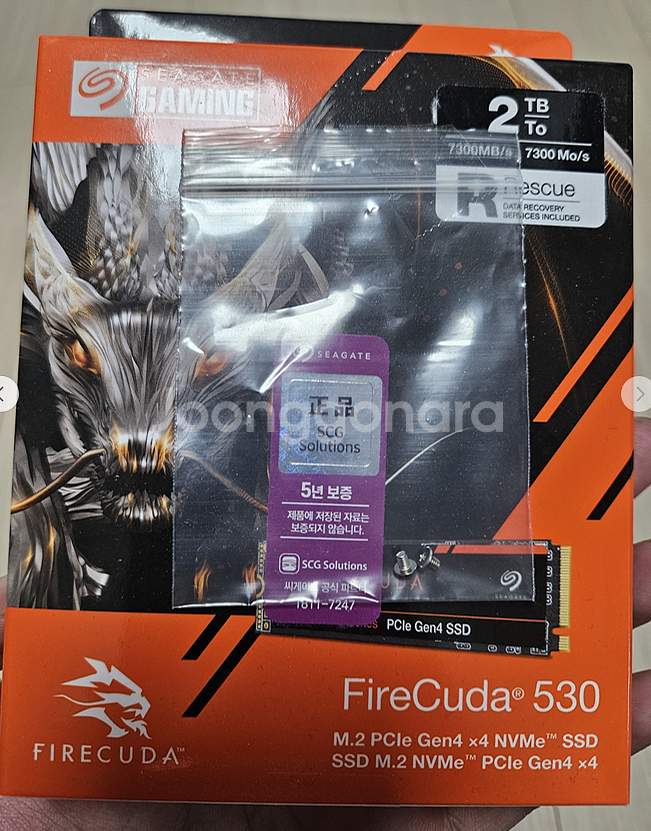 SSD m2 파이어쿠다 530 2tb--0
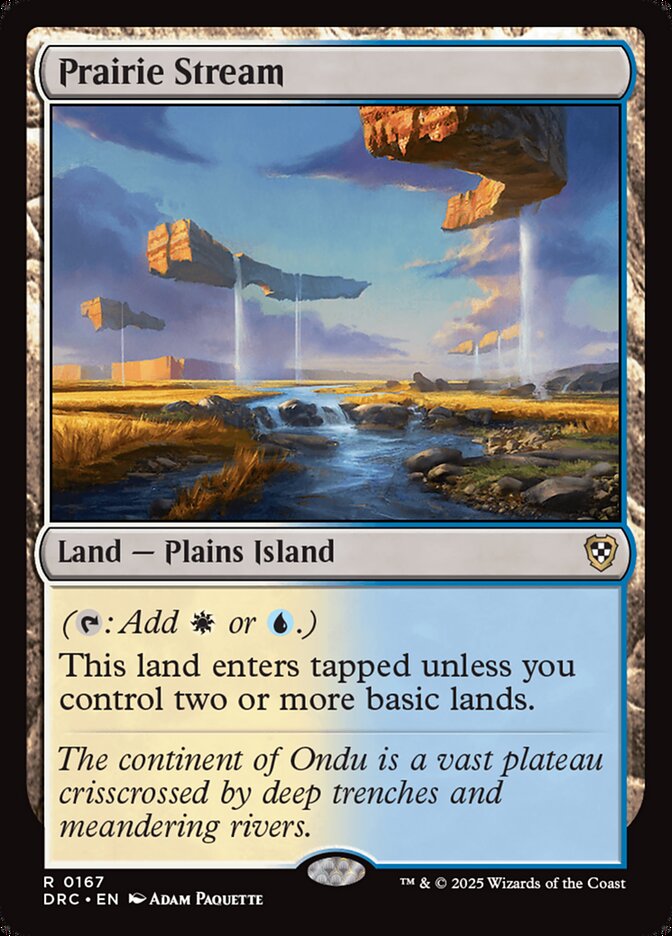 MTG Card Title: Prairie Stream DRC/167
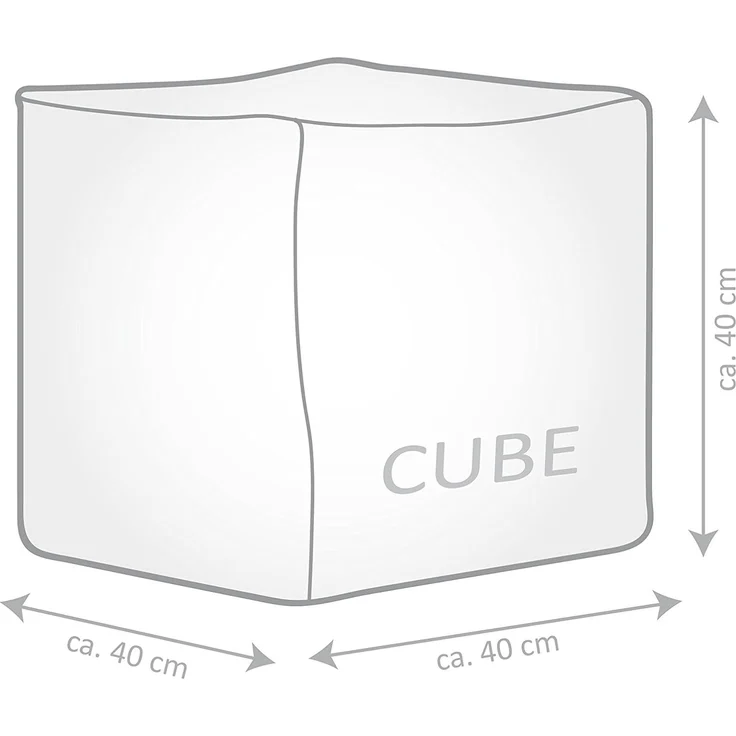 Kindersitzsack Cube Bricks – Bild 3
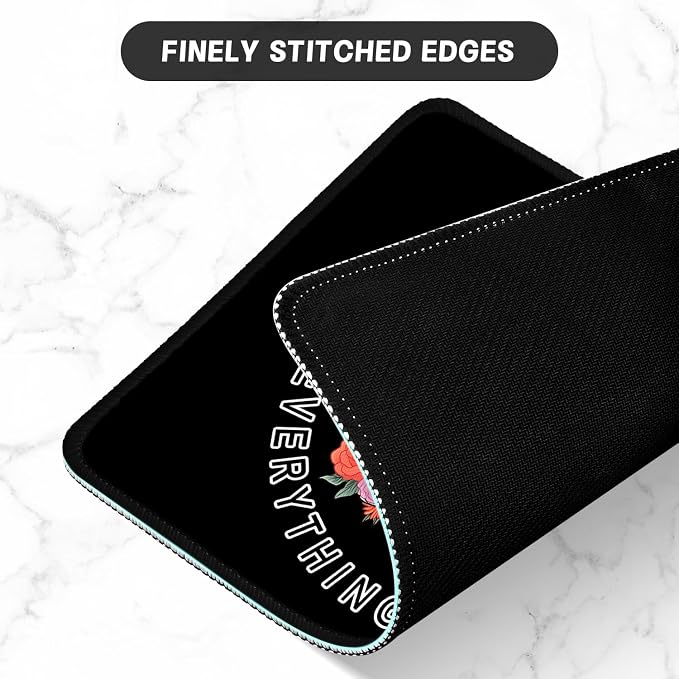 ITNRSIIET Mouse Pad with Stitched Edge Premium Textured Smooth Precise - Image 4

== WHAT THIS TASK INVOLVES ==
Wherever a picture appears, omit it; copy the rest of the data exactly.

== ANSWER TO THIS TASK ==
 SSD m2 파이어쿠다 530 2tb--0
 MTG Card Title: Prairie Stream DRC/167
 Kindersitzsack Cube Bricks – Bild 3
 ITNRSIIET Mouse Pad with Stitched Edge Premium Textured Smooth Precise - Image 4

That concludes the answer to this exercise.